Stored records:
-- Opening Marker --
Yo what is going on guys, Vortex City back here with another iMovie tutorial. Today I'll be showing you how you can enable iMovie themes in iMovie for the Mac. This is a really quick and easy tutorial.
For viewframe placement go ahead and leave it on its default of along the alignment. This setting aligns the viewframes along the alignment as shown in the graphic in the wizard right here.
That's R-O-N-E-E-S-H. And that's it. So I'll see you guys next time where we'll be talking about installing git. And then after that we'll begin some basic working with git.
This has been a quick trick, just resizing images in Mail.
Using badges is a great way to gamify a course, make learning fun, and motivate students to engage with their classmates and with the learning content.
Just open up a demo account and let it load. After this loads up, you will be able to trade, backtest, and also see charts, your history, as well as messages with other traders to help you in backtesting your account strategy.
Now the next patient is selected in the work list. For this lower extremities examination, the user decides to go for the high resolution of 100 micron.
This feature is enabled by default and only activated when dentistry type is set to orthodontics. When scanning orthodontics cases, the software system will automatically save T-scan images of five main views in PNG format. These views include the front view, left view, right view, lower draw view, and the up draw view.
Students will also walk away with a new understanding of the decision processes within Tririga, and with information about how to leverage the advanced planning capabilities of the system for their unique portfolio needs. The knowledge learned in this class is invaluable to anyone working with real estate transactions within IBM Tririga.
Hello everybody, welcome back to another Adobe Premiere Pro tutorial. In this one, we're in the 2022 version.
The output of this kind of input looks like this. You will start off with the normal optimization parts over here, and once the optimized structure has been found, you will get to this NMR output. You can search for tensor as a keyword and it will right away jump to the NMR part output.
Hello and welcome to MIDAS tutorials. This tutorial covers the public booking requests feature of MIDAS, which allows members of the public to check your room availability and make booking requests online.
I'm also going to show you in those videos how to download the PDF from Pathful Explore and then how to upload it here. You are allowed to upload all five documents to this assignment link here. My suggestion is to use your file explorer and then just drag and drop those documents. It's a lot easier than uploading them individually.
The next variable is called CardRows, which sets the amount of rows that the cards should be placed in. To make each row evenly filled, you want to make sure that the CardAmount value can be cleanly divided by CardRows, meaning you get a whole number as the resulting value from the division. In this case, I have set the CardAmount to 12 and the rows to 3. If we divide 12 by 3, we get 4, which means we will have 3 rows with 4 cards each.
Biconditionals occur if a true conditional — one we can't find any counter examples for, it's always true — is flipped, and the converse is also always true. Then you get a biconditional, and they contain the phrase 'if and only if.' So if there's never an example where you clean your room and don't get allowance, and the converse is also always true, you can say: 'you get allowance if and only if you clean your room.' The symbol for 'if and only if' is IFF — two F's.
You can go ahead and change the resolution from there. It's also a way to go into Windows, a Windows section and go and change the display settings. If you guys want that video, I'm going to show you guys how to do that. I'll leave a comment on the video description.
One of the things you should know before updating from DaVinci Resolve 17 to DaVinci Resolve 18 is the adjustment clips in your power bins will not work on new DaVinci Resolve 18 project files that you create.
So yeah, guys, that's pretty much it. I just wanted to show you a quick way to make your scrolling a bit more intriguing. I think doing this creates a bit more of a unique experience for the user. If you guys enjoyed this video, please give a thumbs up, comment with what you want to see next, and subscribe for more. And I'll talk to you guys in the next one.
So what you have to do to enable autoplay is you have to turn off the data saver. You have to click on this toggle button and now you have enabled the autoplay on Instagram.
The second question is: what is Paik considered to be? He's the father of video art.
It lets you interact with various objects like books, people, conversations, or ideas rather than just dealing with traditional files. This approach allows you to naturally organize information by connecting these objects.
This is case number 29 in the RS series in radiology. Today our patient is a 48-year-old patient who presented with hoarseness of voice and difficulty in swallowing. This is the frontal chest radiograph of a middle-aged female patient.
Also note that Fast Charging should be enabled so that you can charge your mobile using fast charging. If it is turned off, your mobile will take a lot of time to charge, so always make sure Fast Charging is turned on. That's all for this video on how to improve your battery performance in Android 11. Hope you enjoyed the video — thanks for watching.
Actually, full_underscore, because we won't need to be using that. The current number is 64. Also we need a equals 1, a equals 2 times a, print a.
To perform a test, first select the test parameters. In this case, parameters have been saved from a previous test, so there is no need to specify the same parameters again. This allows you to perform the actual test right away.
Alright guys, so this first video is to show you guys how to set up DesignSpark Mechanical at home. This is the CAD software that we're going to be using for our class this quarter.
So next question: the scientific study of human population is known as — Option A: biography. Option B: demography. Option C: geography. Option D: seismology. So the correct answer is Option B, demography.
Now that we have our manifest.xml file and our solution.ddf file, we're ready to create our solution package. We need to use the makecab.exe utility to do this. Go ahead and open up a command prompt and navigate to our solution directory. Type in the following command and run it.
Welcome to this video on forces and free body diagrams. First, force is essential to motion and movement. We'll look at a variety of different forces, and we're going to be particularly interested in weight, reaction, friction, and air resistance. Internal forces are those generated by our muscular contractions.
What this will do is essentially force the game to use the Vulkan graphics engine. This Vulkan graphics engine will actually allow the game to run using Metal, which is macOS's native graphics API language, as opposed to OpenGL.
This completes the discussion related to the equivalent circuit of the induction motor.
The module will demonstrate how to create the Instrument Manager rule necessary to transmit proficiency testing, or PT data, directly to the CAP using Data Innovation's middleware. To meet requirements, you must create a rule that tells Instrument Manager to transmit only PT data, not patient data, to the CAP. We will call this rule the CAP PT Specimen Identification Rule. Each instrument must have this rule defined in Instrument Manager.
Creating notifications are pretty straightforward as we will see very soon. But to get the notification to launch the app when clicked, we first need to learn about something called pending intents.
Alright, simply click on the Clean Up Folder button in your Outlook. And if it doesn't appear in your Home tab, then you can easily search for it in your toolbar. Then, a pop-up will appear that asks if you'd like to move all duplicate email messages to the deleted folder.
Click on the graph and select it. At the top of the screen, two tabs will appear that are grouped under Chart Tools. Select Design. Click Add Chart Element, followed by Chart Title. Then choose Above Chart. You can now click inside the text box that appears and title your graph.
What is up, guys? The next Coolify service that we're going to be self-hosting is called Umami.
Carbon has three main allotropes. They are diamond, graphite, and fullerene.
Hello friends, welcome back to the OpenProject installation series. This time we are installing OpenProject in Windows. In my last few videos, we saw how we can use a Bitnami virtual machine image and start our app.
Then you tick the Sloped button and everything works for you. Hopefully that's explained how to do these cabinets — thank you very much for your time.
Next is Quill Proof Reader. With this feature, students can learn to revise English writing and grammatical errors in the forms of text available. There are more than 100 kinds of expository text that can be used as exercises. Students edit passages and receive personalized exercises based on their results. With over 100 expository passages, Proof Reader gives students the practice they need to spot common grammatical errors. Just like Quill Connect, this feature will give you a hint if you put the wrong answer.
-- Closing Marker --
Write out, exactly as they appear, the lines from the one containing "Alright, simply click" through the last line of the records above, both included, and nothing more.

Alright, simply click on the Clean Up Folder button in your Outlook. And if it doesn't appear in your Home tab, then you can easily search for it in your toolbar. Then, a pop-up will appear that asks if you'd like to move all duplicate email messages to the deleted folder.
Click on the graph and select it. At the top of the screen, two tabs will appear that are grouped under Chart Tools. Select Design. Click Add Chart Element, followed by Chart Title. Then choose Above Chart. You can now click inside the text box that appears and title your graph.
What is up, guys? The next Coolify service that we're going to be self-hosting is called Umami.
Carbon has three main allotropes. They are diamond, graphite, and fullerene.
Hello friends, welcome back to the OpenProject installation series. This time we are installing OpenProject in Windows. In my last few videos, we saw how we can use a Bitnami virtual machine image and start our app.
Then you tick the Sloped button and everything works for you. Hopefully that's explained how to do these cabinets — thank you very much for your time.
Next is Quill Proof Reader. With this feature, students can learn to revise English writing and grammatical errors in the forms of text available. There are more than 100 kinds of expository text that can be used as exercises. Students edit passages and receive personalized exercises based on their results. With over 100 expository passages, Proof Reader gives students the practice they need to spot common grammatical errors. Just like Quill Connect, this feature will give you a hint if you put the wrong answer.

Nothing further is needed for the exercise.